- **Exercise requirements**: Retype word for word the stretch of entries below from the line that has "Giant Zipper Wall Clock Quadratische Wanduhr" through the line that has "Brass Etching Glass", and omit the pictures.

- **Given records**:
+ + + +

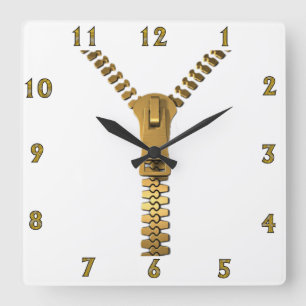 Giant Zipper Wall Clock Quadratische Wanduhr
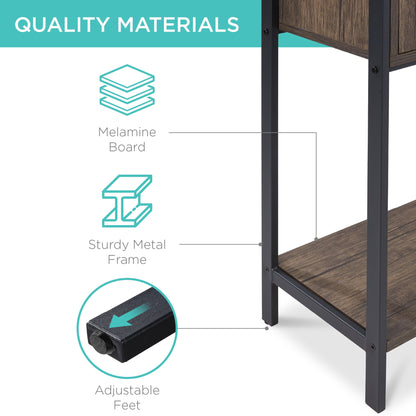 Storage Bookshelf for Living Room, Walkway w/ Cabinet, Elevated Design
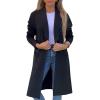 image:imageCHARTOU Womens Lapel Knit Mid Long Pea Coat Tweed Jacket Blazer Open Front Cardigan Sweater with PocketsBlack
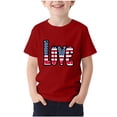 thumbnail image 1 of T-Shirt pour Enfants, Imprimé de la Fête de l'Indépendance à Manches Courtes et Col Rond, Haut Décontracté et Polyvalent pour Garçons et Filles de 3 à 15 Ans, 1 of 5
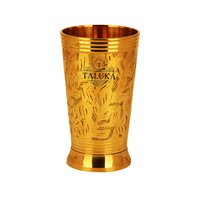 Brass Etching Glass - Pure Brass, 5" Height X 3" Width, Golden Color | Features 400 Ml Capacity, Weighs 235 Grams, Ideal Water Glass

+ + + +

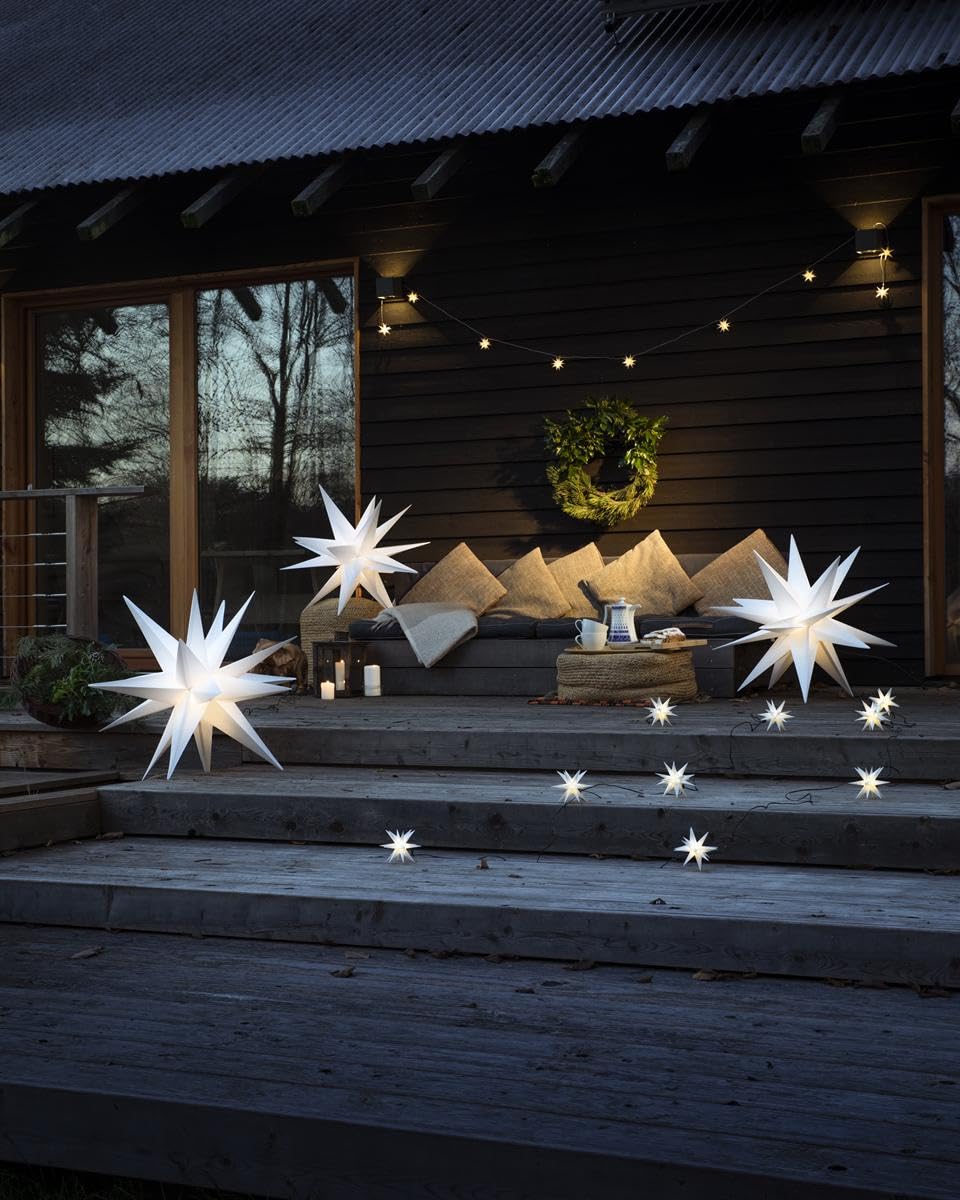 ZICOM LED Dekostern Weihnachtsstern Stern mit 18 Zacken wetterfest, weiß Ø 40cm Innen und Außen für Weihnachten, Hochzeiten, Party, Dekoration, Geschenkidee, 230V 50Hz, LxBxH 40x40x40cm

+ + + +

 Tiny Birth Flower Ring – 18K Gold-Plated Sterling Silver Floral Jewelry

+ + + +

- **Exercise output**:
 Giant Zipper Wall Clock Quadratische Wanduhr
 Storage Bookshelf for Living Room, Walkway w/ Cabinet, Elevated Design
 image:imageCHARTOU Womens Lapel Knit Mid Long Pea Coat Tweed Jacket Blazer Open Front Cardigan Sweater with PocketsBlack
 thumbnail image 1 of T-Shirt pour Enfants, Imprimé de la Fête de l'Indépendance à Manches Courtes et Col Rond, Haut Décontracté et Polyvalent pour Garçons et Filles de 3 à 15 Ans, 1 of 5
 Brass Etching Glass - Pure Brass, 5" Height X 3" Width, Golden Color | Features 400 Ml Capacity, Weighs 235 Grams, Ideal Water Glass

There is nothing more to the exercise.